That's the primary aim. It's not making ObjC statically typed, but it is 
providing enough information for the system to alert you when you try to pull a 
string from an array of numbers, for example.

Sent from my iPhone

> On Jun 9, 2015, at 1:08 PM, Brian Kim <[email protected]> wrote:
> 
> While i definitely see the potential for generics as an effective tool to 
> prevent runtime type-mismatch errors, i feel like the loose-type checking 
> kind of defeats the purpose...
> Hopefully xcode will implement the functionality to at least flag it as a 
> warning in their static analyzer
> 
> Best,
> BK
> 
>> On Jun 9, 2015, at 2:37 PM, Jens Alfke <[email protected]> wrote:
>> 
>> The new generics support in Objective-C (starting in Xcode 7) is 
>> interesting, although there’s no real documentation that I can find, just a 
>> one-paragraph mention in the Foundation release notes. But if you look at 
>> NSArray.h or NSDictionary.h in the OS X 10.11 or iOS 9 SDK, you can see lots 
>> of examples of their use.
>> 
>> (There’s also a somewhat related new keyword __kindof, also described in the 
>> release notes, that gives you un-typechecked down-casting. So an RHS of type 
>> “__kindof NSView*” can be assigned to a LHS of type MyViewClass* without a 
>> type-cast. Nice.)
>> 
>> I’m guessing that the primary reason generics were added was to make the 
>> Cocoa APIs more Swift-friendly, so the Swift APIs don’t just use [AnyObject] 

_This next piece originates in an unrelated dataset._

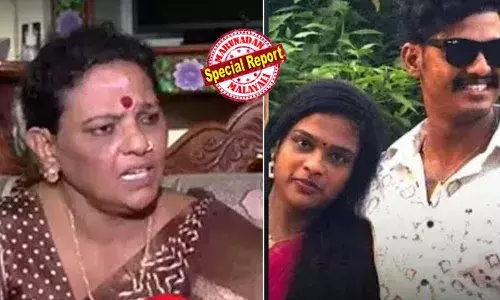 എന്റെ മകള്‍ ആരെയും ദ്രോഹിക്കാത്ത നിരുപദ്രവകാരി; ആഭരണങ്ങളും രണ്ടു വണ്ടിയും തട്ടിയെടുത്തു; സംഭവത്തിന് പിന്നില്‍ അജ്മലും ആദ്യഭര്‍ത്താവുമെന്ന് ശ്രീക്കുട്ടിയുടെ അമ്മ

>> and [AnyObject:AnyValue] everywhere.
>> 
>> They’ll be useful for Obj-C programming too though, of course. I tried 
>> parameterizing the NSArray and NSDictionary types that appear in some APIs 
>> in my code, and everything rebuilt without errors. Which is nice in that it 
>> didn’t break everything and require massive replacing; but on the other hand 
>> it shows that generics are pretty loosely type-checked. It seems that you 
>> can freely assign between, say, NSArray<NSString*>* and a regular NSArray* 
>> without any warnings or errors. In fact you can use the generic form in a 
>> method’s declaration in a class interface, but leave the old form in the 
>> @implementation, without any warnings.
>> 
>> For backward compatibility in my APIs I’m doing stuff like this:
>> #if __has_feature(objc_generics)
>> typedef NSDictionary<NSString*, id> CBLJSONDict;
>> #else
>> typedef NSDictionary CBLJSONDict;
>> #endif
>> and then replacing “NSDictionary” with “CBLJSONDict” where appropriate.